▶ **EXERCISE DESCRIPTION**
Go to the line containing "Décor luxuriant et" in the material below. From there to the end, retype every line exactly and drop the pictures.

▶ **SUPPLIED DATA**
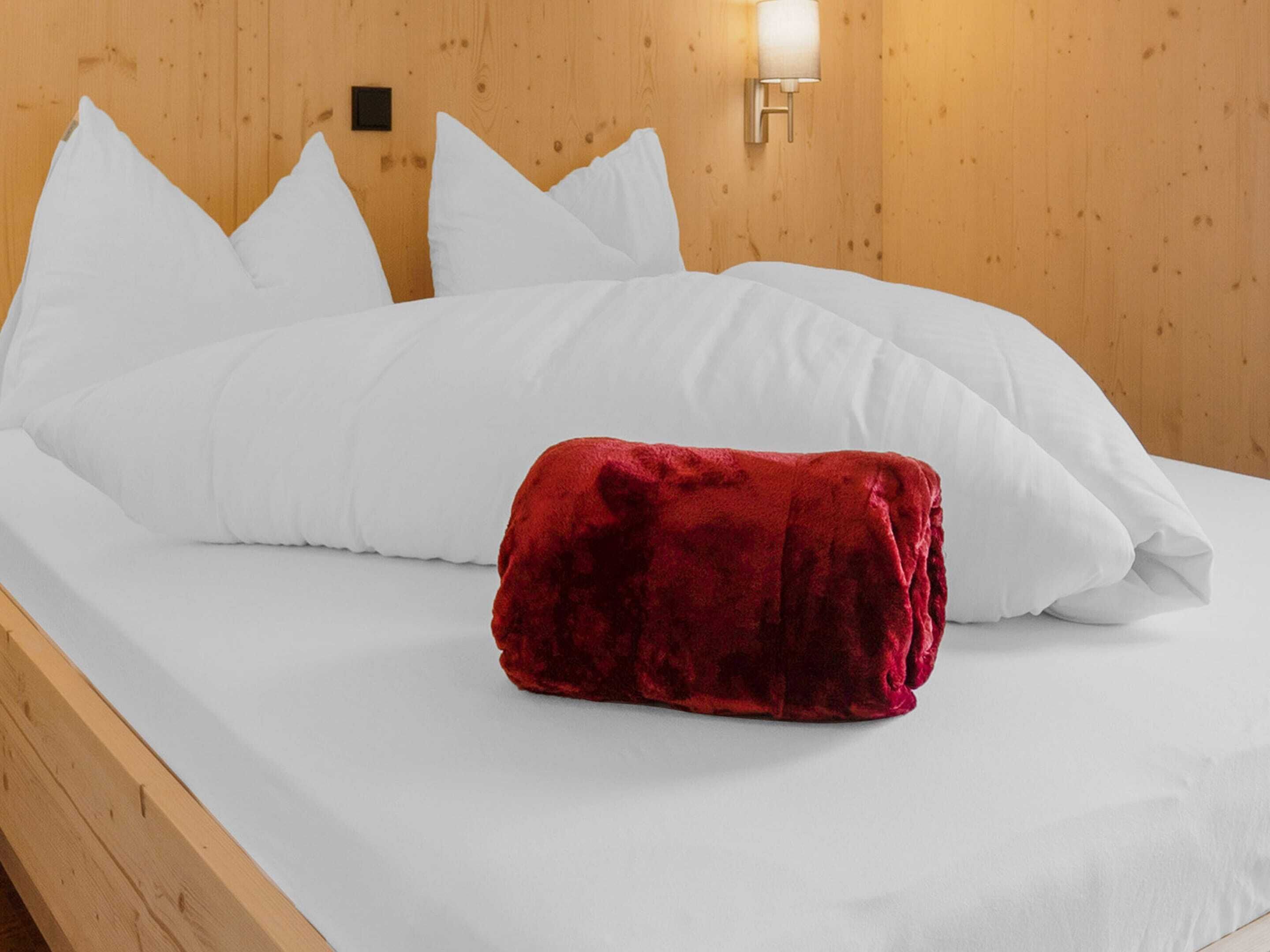 Un lit avec des oreillers blancs et un oreiller décoratif rouge, une tête de lit en bois et un luminaire fixé au mur.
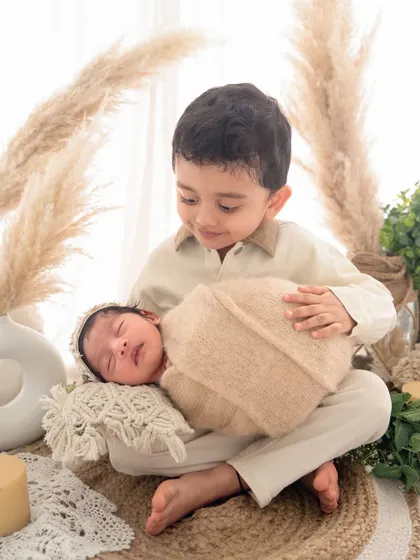 I love bringing creative themes to life, like this warm, boho-inspired setup. Here, a proud big brother holds his new sibling, showcasing how I can blend a stylized session with genuine family moments.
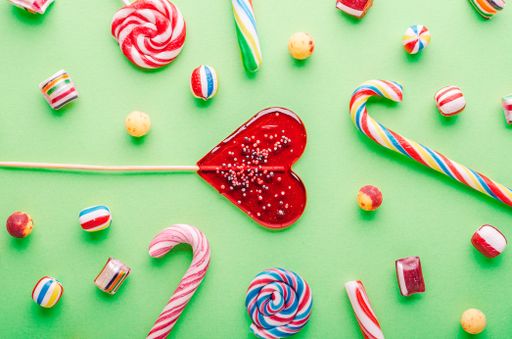 A closeup shot of candy canes and other candies on a green background - perfcet for a cool wallpaper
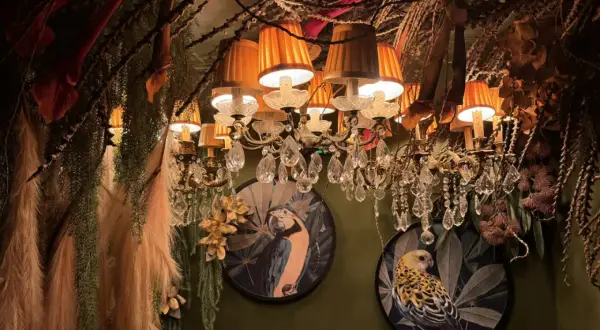 Décor luxuriant et excentrique d'un restaurant insolite à Paris, avec des lustres ornés, des plantes suspendues et des tableaux d'oiseaux exotiques.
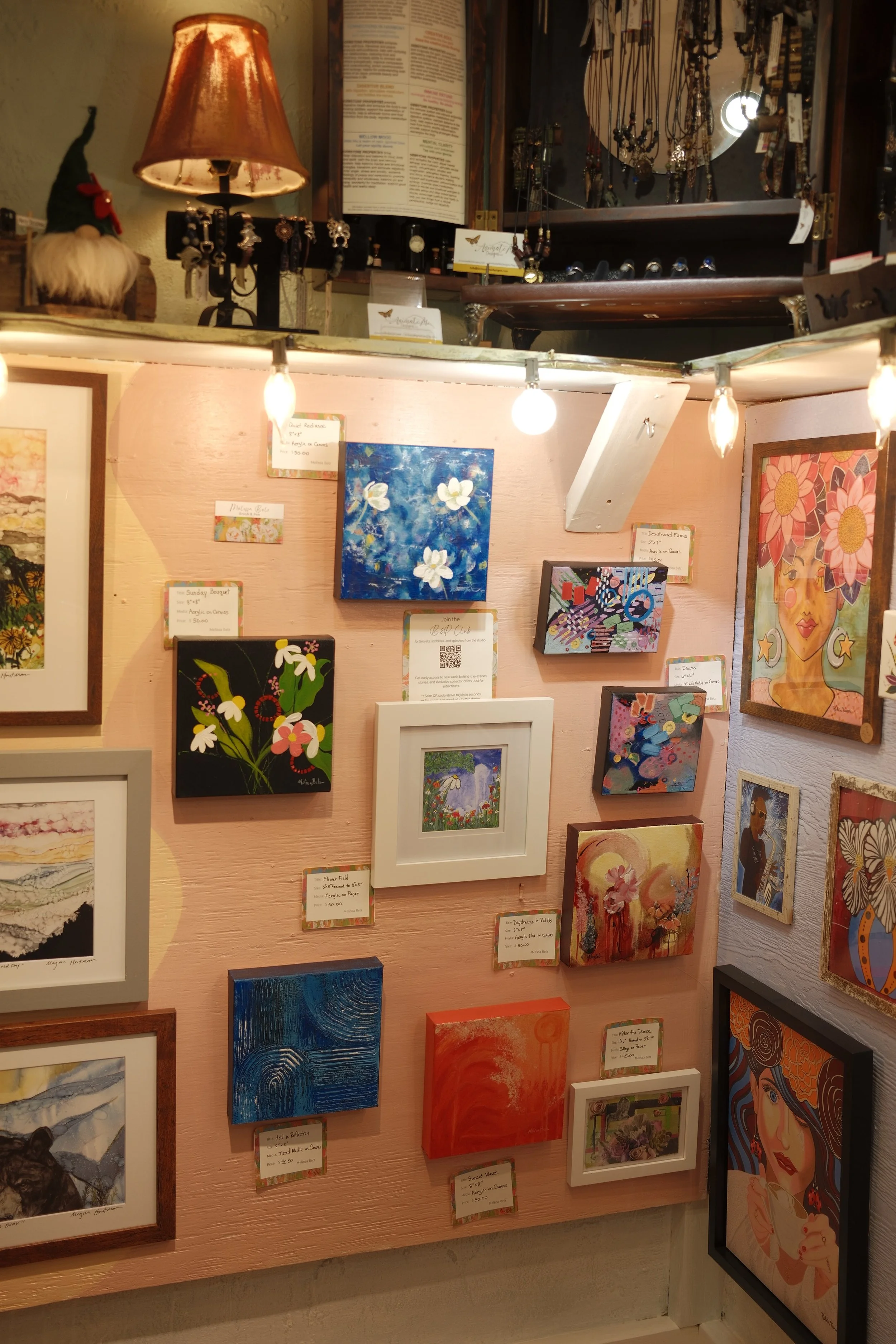 An art gallery display wall with various small paintings and artwork, some framed and some unframed, with prices and labels. Some paintings depict flowers, abstract patterns, and landscapes.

▶ **YOUR RESPONSE**
 Décor luxuriant et excentrique d'un restaurant insolite à Paris, avec des lustres ornés, des plantes suspendues et des tableaux d'oiseaux exotiques.
 An art gallery display wall with various small paintings and artwork, some framed and some unframed, with prices and labels. Some paintings depict flowers, abstract patterns, and landscapes.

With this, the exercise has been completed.